A few months
ago, SRBP wrote a two-part piece that described the change in the way
politicians, bureaucrats, and the public looked at management and control of
offshore oil and gas resources.
It’s worth
looking at this again in light of a couple of recent developments.
In broadest
terms, the provincial government’s original
objectives in the negotiations that led to the Atlantic Accord – the one signed in 1985
– were:
- Provincial control and administration,
- Revenue that would end dependence on federal hand-outs, and
- Local benefits.
Since
2003, the provincial government has
dropped provincial administration and control and local benefits from its list
of expectations. Revenue is the only
concern left of the original ones and even that one has become simply
money. The notion that the revenue would
disconnect the province from federal hand-outs has also gone by the boards.
The 2005
revenue transfer agreement between Ottawa and St.

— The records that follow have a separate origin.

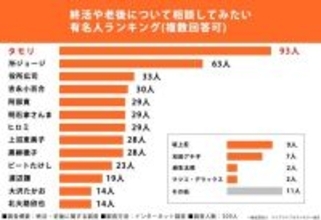 「終活や老後について相談したい有名人」ランキング　１位のタレントを選んだ理由は「いろんな人の話を聞かれている」「柔軟に楽しむ姿勢」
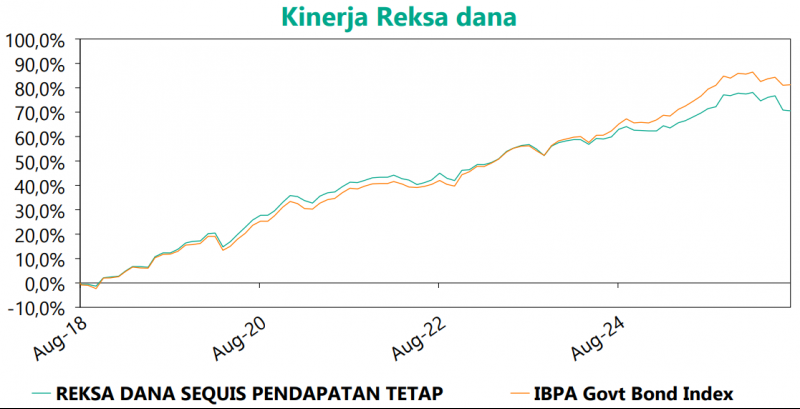 Graph Sequis Pendapatan Tetap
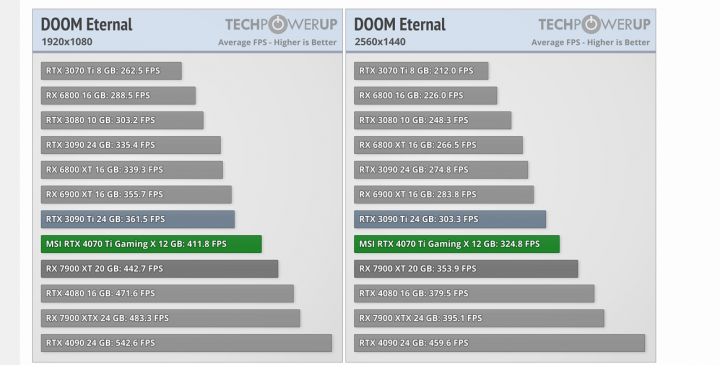 Screenshot 2023-01-04 at 18-23-14 MSI GeForce RTX 4070 Ti Gaming X Review.png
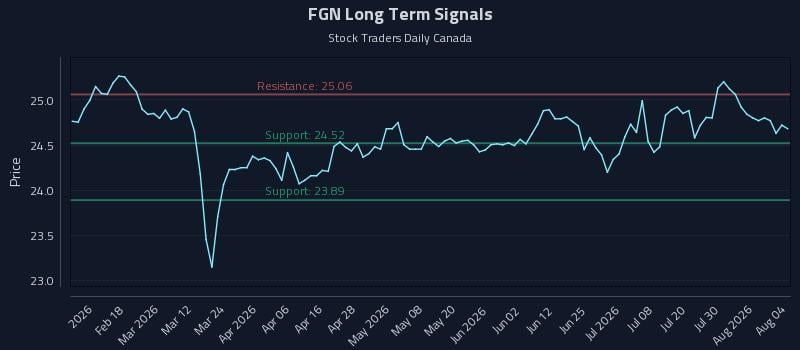 FGN Long Term Analysis for August 5 2026 FGN Long Term Analysis for August 5 2026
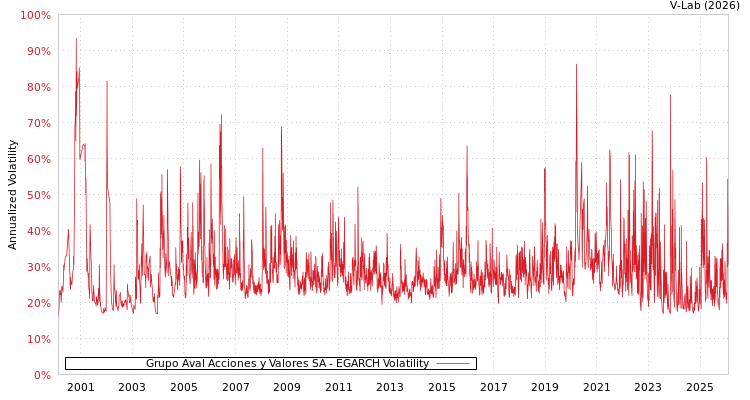 graph of Grupo Aval Acciones y Valores SA EGARCH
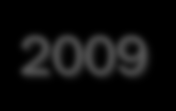 Linha do Tempo 1991/93 2001 2004 2010/11 2013 ISO e Qualidade Total PGP Programa de Gestão por Processos PEA Programa de Excelência Algar Comitês e Redes de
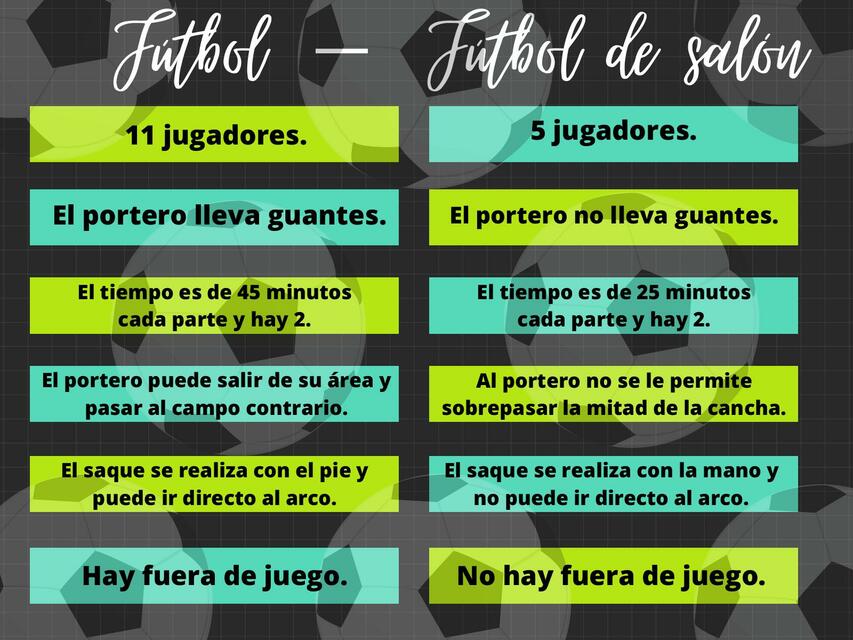 Cuadro Comparativo sobre el Fútbol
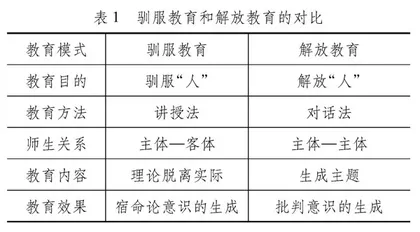 保罗·弗莱雷教育思想对高校思想政治教育的启示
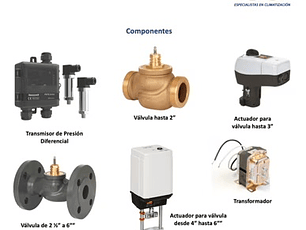VALVULA ECUALIZADORA DN 80, INCLUYE TRANSMISOR PRESION DIFERENCIAL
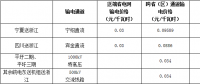 浙江省公布2018年度電力直接交易試點相關交易信息：交易電量計1732.9億千瓦時
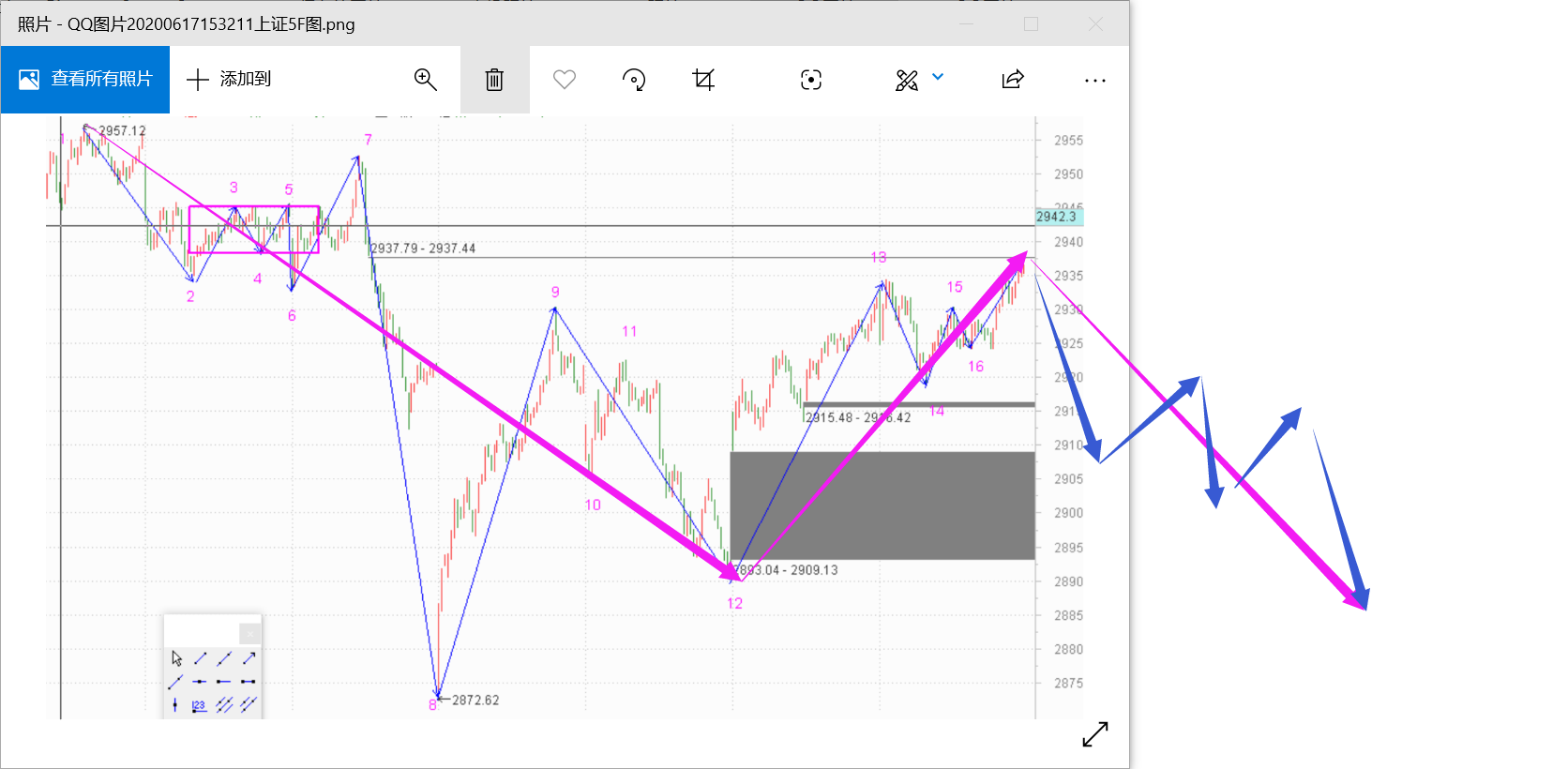 等待走势类型的完成------2020.06.17大盘解析及18日策略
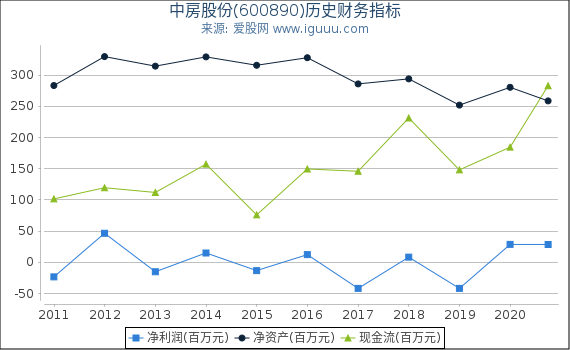 中房股份(600890)股东权益比率、固定资产比率等历史财务指标图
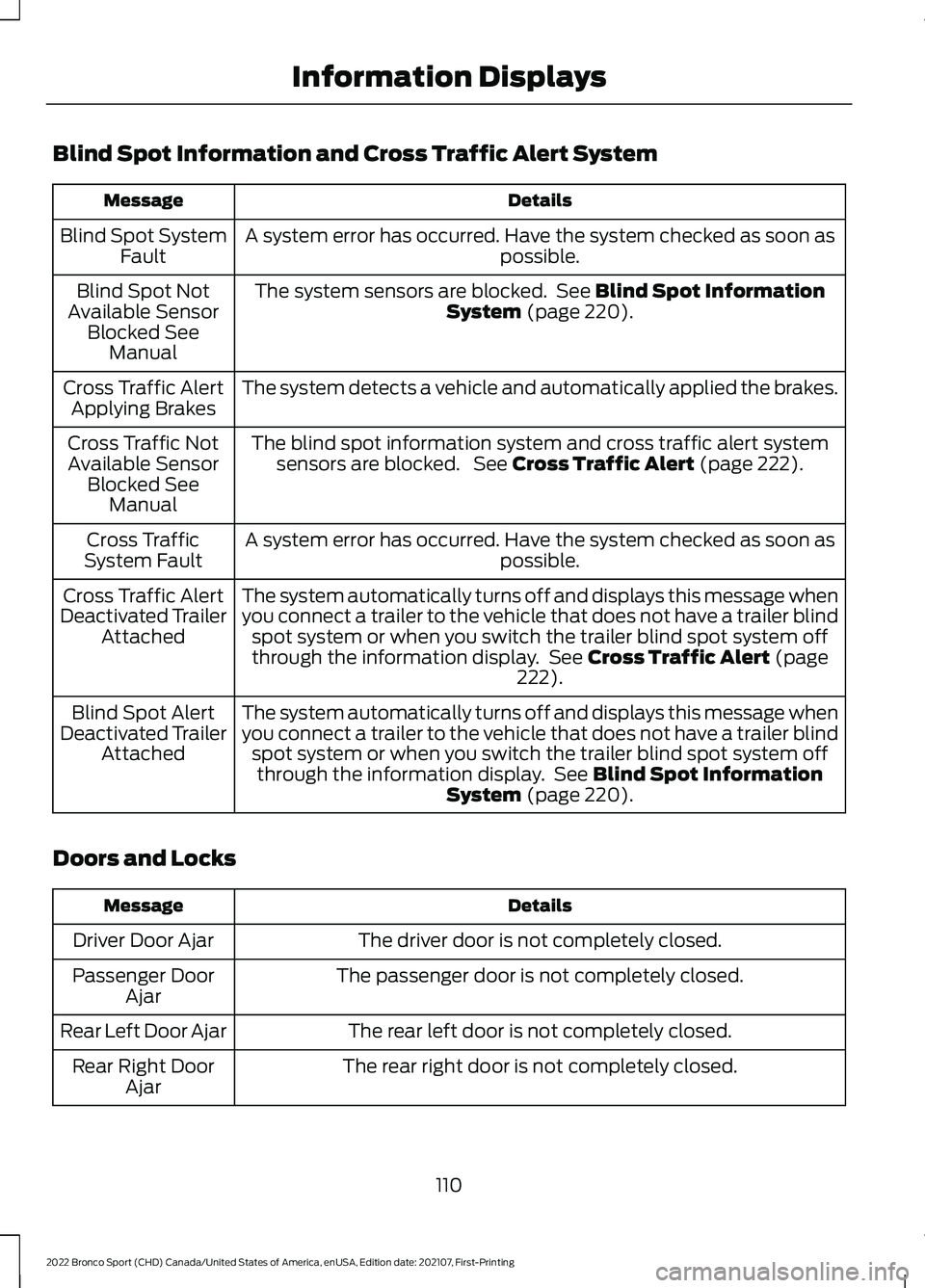 FORD BRONCO SPORT 2022 Owners Manual Blind Spot Information and Cross Traffic Alert System
Details
Message
A system error has occurred. Have the system checked as soon as possible.
Blind Spot System
Fault
The system sensors are blocked. FORD BRONCO SPORT 2022 Owners Manual Blind Spot Information and Cross Traffic Alert System
Details
Message
A system error has occurred. Have the system checked as soon as possible.
Blind Spot System
Fault
The system sensors are blocked.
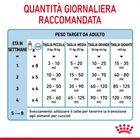 Royal Canin Babydog Milk 400 gr - Scad 31 ottobre 2026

John’s – deliberately misnamed
by the provincial government as the Atlantic Accord – was initially about a
transfer similar to Equalization and equal to the amount of revenue the
provincial government collected each year from the oil companies as royalties
under the 1985 agreement.
The argument
for the 2005 transfer was based on lies and misrepresentations. For example, the provincial government sets
the amount of revenue it collects from the offshore as if the resource was on
land and within provincial jurisdiction. It gets all the money. Politicians and
other people claimed that the provincial government only received as little as
15% of what it should get.
That wasn’t
true and, in the end, the 2005 arrangement did not change the Atlantic Accord
at all. Nor did it change the operations
of the Equalization program. The 2005
agreement simply transferred $2.6 billion to the provincial government from
Ottawa. The only connection to the 1985
agreement was that the federal and provincial government used oil royalties and
Equalization as the means to calculate the amount.